One cannot actually fault Dr Albert Kawana for his legalistic opinion and/or advice to the Minister of Home Affairs. Neither Dr Ngarikukutuke Tjiriange for his interpretation. But the bottom line is that the matter needs first and foremost a politico-ideological wisdom and principality rather than being premised solely on constitutionalism and legalism. This political principality is that descendants of born Namibians, or would-have-been born Namibians, because their parents, fore-parents and great fore-parents who retreated in the Ovaherero German wars, Nama-German wars, or any other wars, for that matter, and who now have been born outside the country,  either in Botswana, South Africa, or any other country, should by any stretch  of one’s imagination, wisdom and judgment, constitutionally, legally, politically or otherwise, be denied their birthright and have such called into question. That is the pertinent and most critical question that the country should first and foremost pose and ponder. And by its very nature this is a political question that can only be answered politically and on political principles. 
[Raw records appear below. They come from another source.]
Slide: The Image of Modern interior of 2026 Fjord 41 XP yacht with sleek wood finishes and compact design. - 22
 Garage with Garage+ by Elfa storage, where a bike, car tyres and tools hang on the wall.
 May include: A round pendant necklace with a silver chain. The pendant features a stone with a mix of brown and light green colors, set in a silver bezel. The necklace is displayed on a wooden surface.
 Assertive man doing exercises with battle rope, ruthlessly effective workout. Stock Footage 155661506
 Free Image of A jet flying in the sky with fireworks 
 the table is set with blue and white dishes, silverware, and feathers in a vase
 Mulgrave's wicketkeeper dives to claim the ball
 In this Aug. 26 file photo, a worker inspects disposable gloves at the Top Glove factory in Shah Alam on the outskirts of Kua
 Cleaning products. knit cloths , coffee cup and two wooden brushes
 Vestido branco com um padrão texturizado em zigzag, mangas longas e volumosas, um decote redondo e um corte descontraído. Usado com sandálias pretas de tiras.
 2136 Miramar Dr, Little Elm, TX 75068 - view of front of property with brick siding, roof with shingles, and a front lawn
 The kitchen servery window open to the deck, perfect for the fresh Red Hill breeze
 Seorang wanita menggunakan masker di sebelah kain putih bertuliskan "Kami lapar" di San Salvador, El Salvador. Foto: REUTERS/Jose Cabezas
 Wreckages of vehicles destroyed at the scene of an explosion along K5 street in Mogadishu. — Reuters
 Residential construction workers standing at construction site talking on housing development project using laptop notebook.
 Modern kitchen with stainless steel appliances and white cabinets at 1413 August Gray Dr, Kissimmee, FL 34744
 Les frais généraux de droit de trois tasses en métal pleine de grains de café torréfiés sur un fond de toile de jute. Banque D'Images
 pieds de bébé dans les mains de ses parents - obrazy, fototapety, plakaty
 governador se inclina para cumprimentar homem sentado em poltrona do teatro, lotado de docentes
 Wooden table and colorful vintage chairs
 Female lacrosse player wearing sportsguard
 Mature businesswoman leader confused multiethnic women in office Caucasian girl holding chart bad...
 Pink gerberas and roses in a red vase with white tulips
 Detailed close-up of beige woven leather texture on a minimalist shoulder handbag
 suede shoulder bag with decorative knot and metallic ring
One would at this juncture wish to know whether a precedent and a principle have not already been established with the repatriation of the first group of Batswana Namibians in 1993. The understanding one infers is that there could not be any limit to Namibian citizenship, in this case citizenship by descent. What has changed since then? One would want to know. Or is it a case of the right hand not knowing what the left hand is doing, or did? One is only left to wonder and muse what may have been the political understanding with this repatriation? If a precedent and principle had been established in this regard, what has informed the apparent reneging on such? One has been hearing so much about the Swapo Party think tank, is this not a typical issue needing its brains trust?